(Data extracted from a collection)
══════
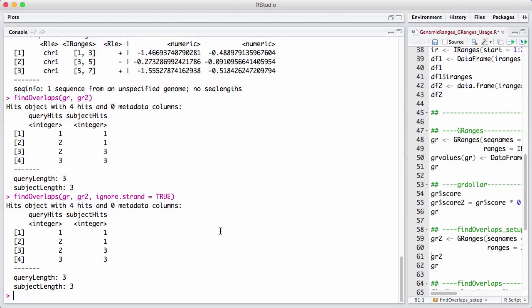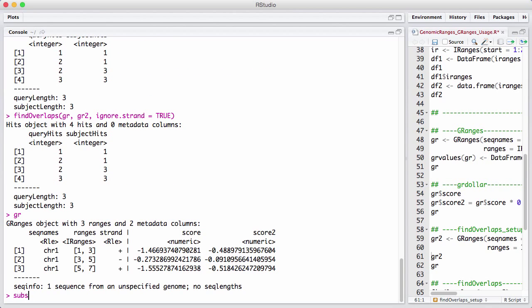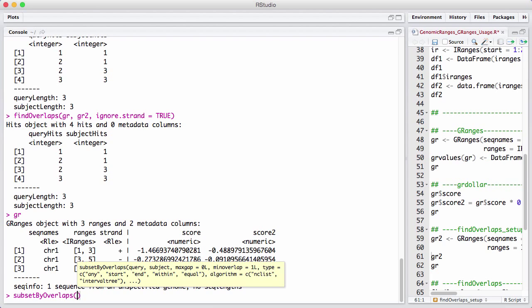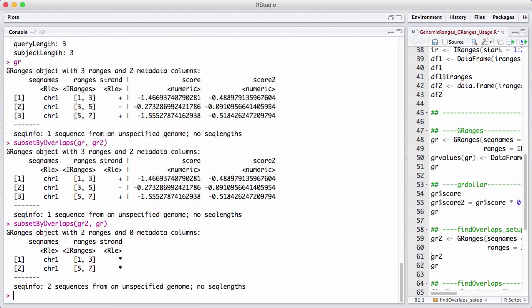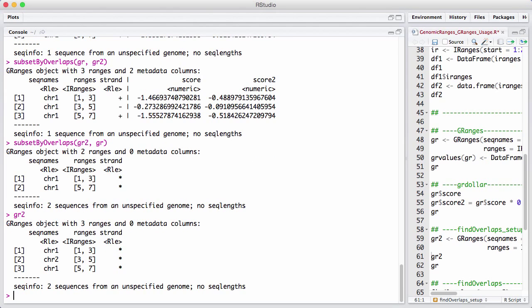A very common use case is when we have a GRanges and want to select only ranges that overlap some other elements. For that, we have a convenience function called subsetByOverlaps, which is basically constructed using findOverlaps. Let's take our original GRanges and do subsetByOverlaps of GR and GR2 — everything overlaps, so that was not too exciting. Let's turn them around: when we ask for the ranges in GR2, we don't get any overlap with the range on chromosome 2, so we return an object with only two ranges. This is a very convenient function — I use this a lot.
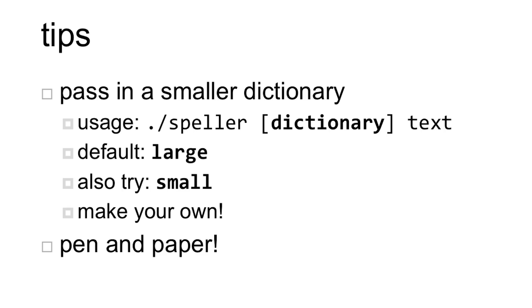My last couple tips to you before you go out and code is to try and make it easier on yourself to debug. Pass in a smaller dictionary to Speller instead. By default, Speller will run with the large dictionary file, but also try passing in the small dictionary file provided in the distribution code. Or you can even make your own dictionary and your own input text file. Perhaps use the words that we talked about today, fox, foo, dog, and do.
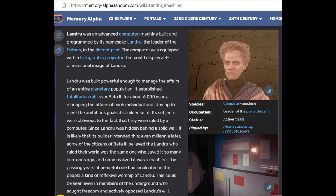Landru was an advanced computer machine built and programmed by its namesake, Landru, the leader of the Bretons. The computer is equipped with a holographic projector that could display a 3D image of Landru. It was powerful enough to manage the affairs of an entire planetary population. It established totalitarian rule over Beta-3 for about 6,000 years. Its subjects were oblivious to the fact that they were being ruled by a computer, and none realized it was a machine.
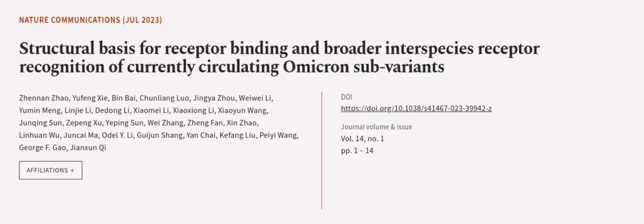This article was authored by Xunnan Zhao, Yufeng Xia, Bin Bai, and others. We are Article.tv — links in the description below. We'll see you guys next time.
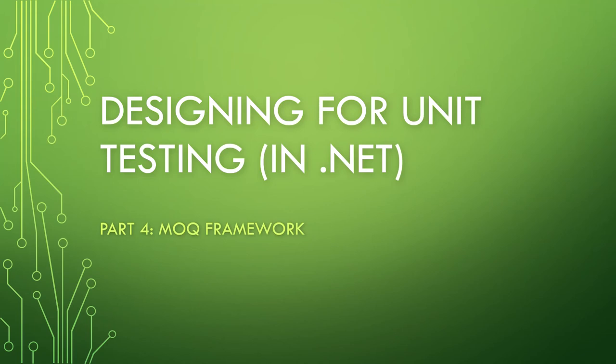Welcome to the final video in the Designing for Unit Tests lecture series. A quick recap of the series so far. In the first video, we showed the mechanics of unit testing with xUnit. In the second video, we used our ability to rapidly write and run tests to do TDD, test-driven development.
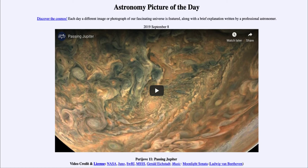That was our picture of the day for September the 8th of 2019. It was titled Perijove 11, Passing Jupiter. We'll be back again tomorrow for the next picture, previewed to be Galaxy Andromeda, so we'll see what that is about tomorrow. Until then, have a great day everyone, and I will see you in class.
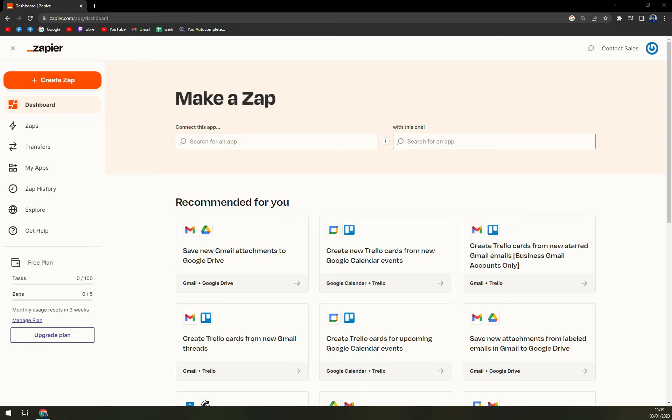Hello guys, my name is Mathew and in today's video we are going to integrate Klaviyo with Shopify. I've decided to use Zapier.com since in my opinion it's the best integration tool out there, and I'm going to show you how you can easily do it.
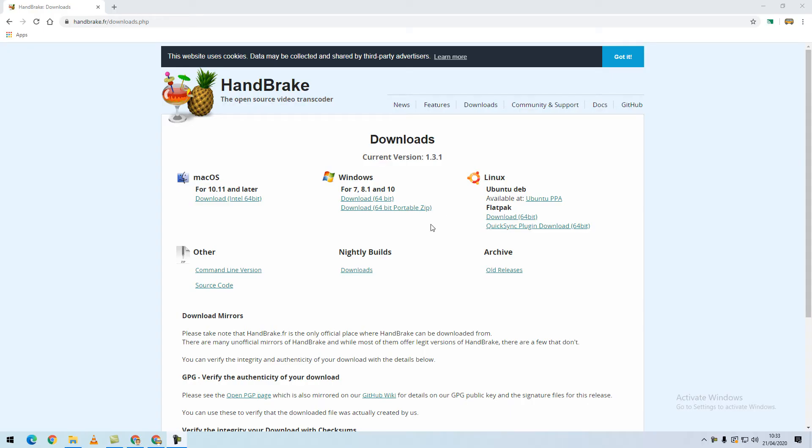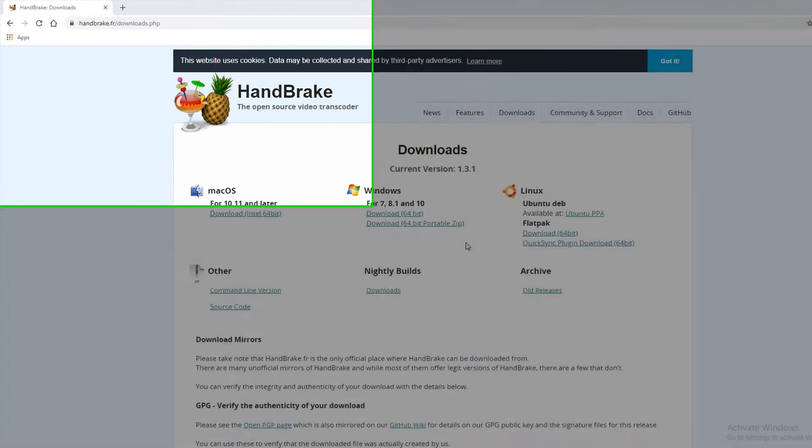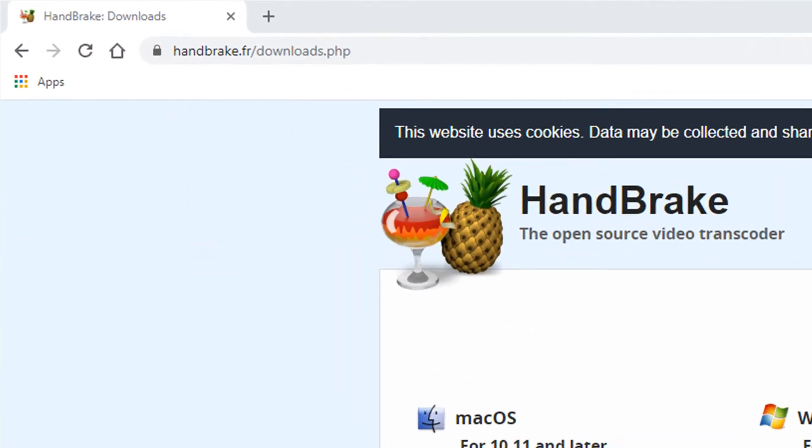Sometimes it's necessary to convert a video from one file format to another or just to make the file size smaller. You can do this with a free program called Handbrake.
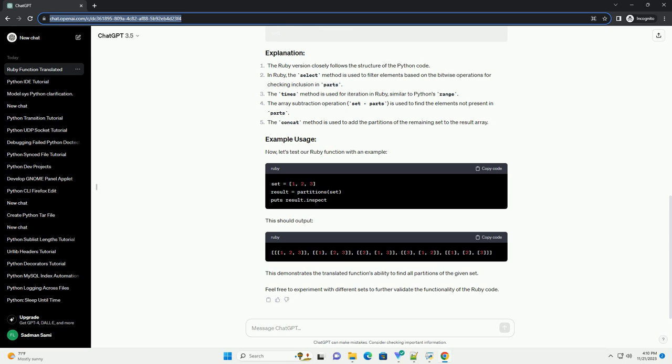This demonstrates the translated function's ability to find all partitions of the given set. Feel free to experiment with different sets to further validate the functionality of the Ruby code.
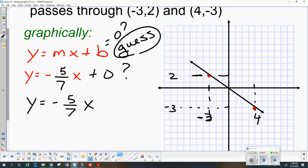On the next slide I'm going to redo the same problem but not guess — I'm going to figure it out exactly using algebra. Maybe the y-intercept will be zero, maybe not. Any questions so far?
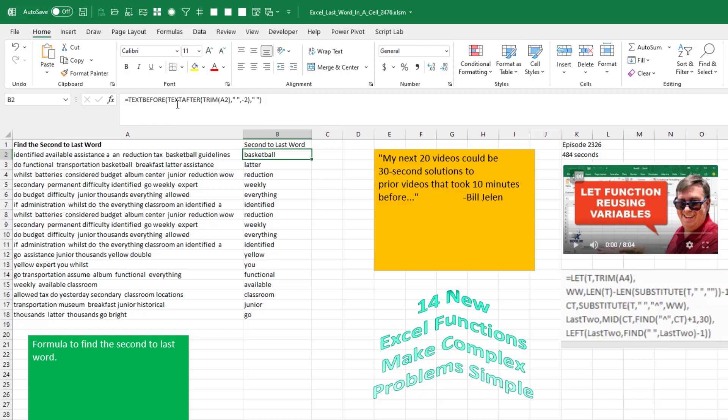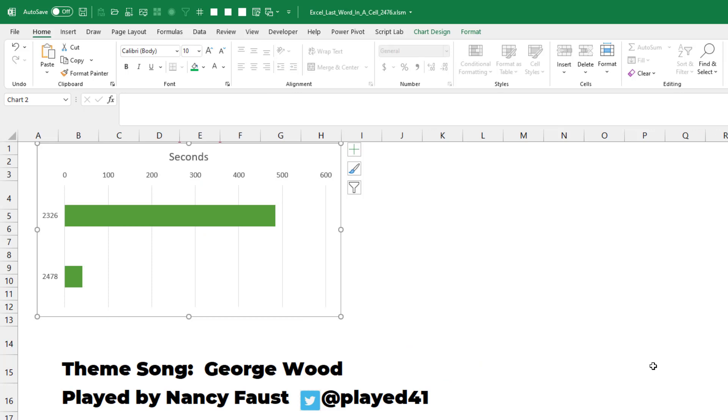A little confusing, but not as confusing as episode 2326 that took 484 seconds. Well, hey, I want to thank you for stopping by. We'll see you next time for another netcast from MrExcel.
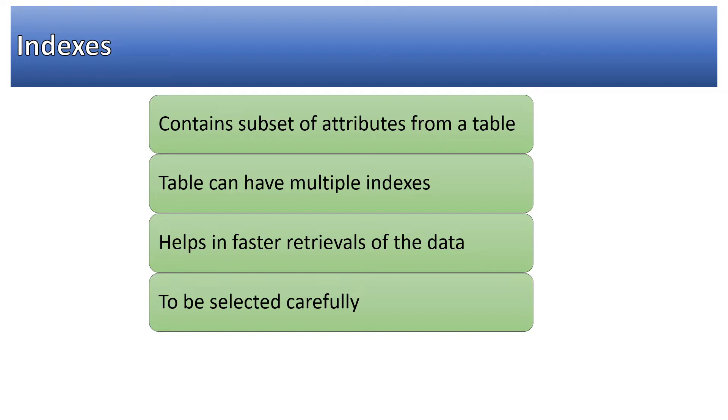Whenever there's a performance gain, there's also a disclaimer that you have to select those indexes very carefully. Otherwise, it will impact the storage cost and might impact the performance as well.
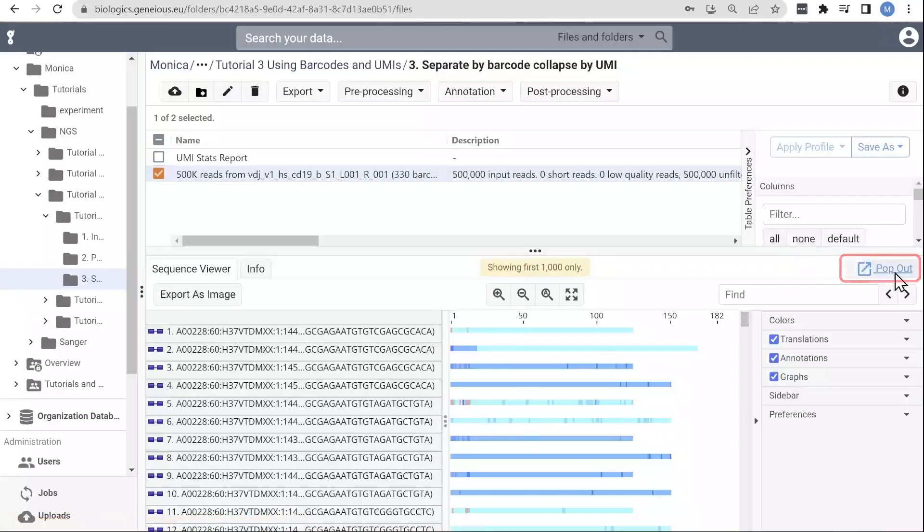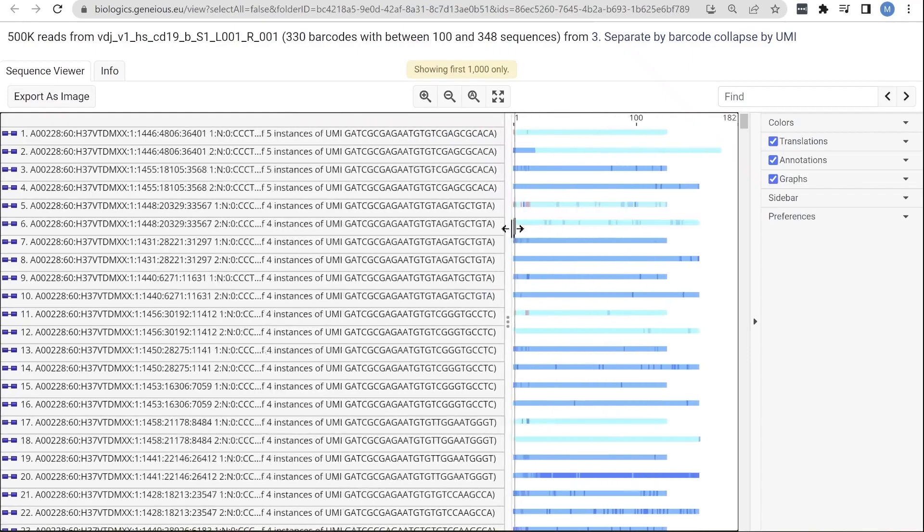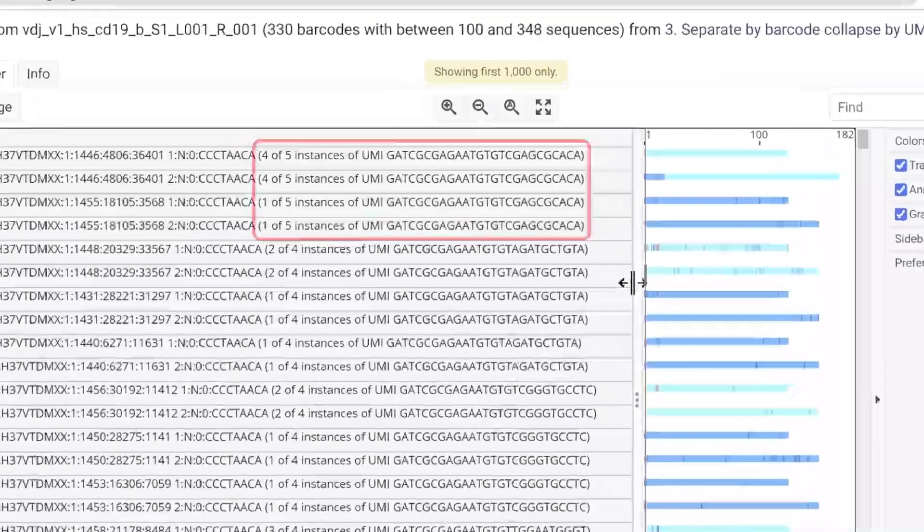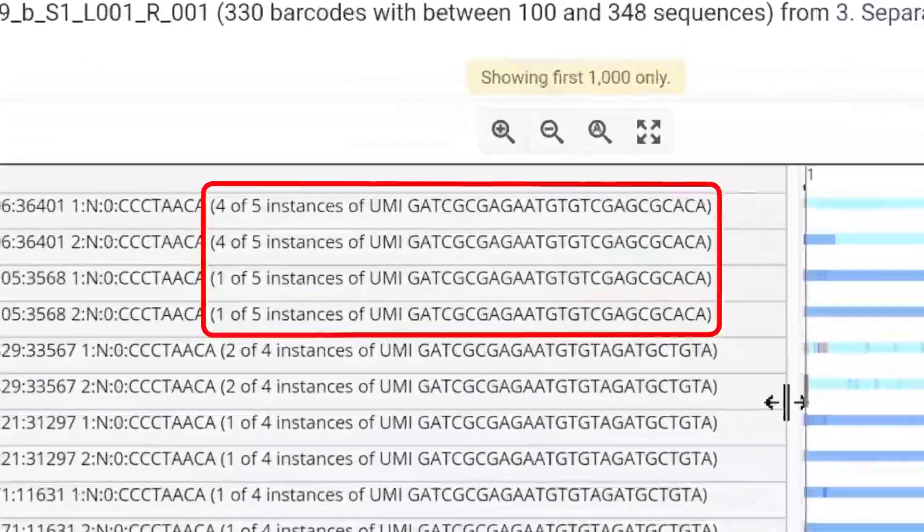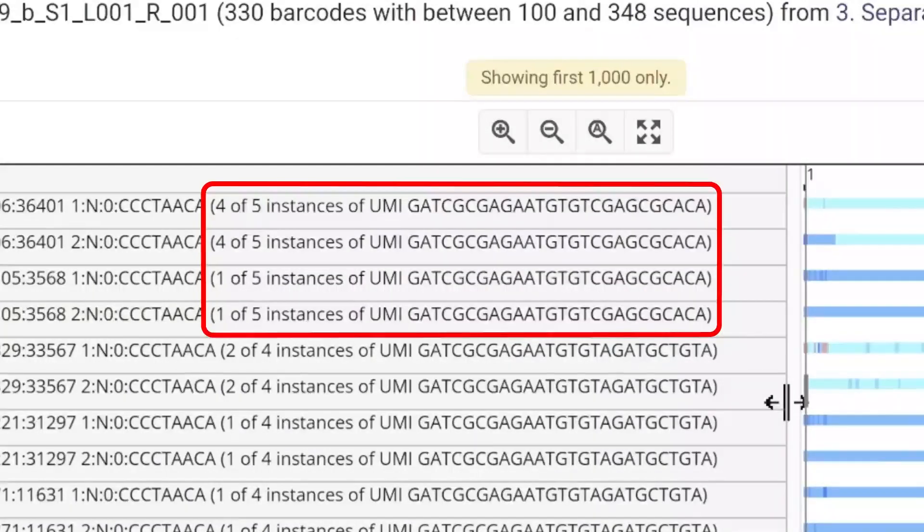Let's take a look at our results. You can see in the sequence name here the barcode indicated, and the UMIs detected with that barcode. For this barcode, there were two sequences with the same UMI, one with four read pairs, and one with one read pair.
══════
■ Work item
Text only, no pictures: please print exactly the lines above from the line with "This article was" up to and including the line with "Welcome to the", and nothing else.

■ Answer to this problem
This article was authored by Xunnan Zhao, Yufeng Xia, Bin Bai, and others. We are Article.tv — links in the description below. We'll see you guys next time.
Welcome to the final video in the Designing for Unit Tests lecture series. A quick recap of the series so far. In the first video, we showed the mechanics of unit testing with xUnit. In the second video, we used our ability to rapidly write and run tests to do TDD, test-driven development.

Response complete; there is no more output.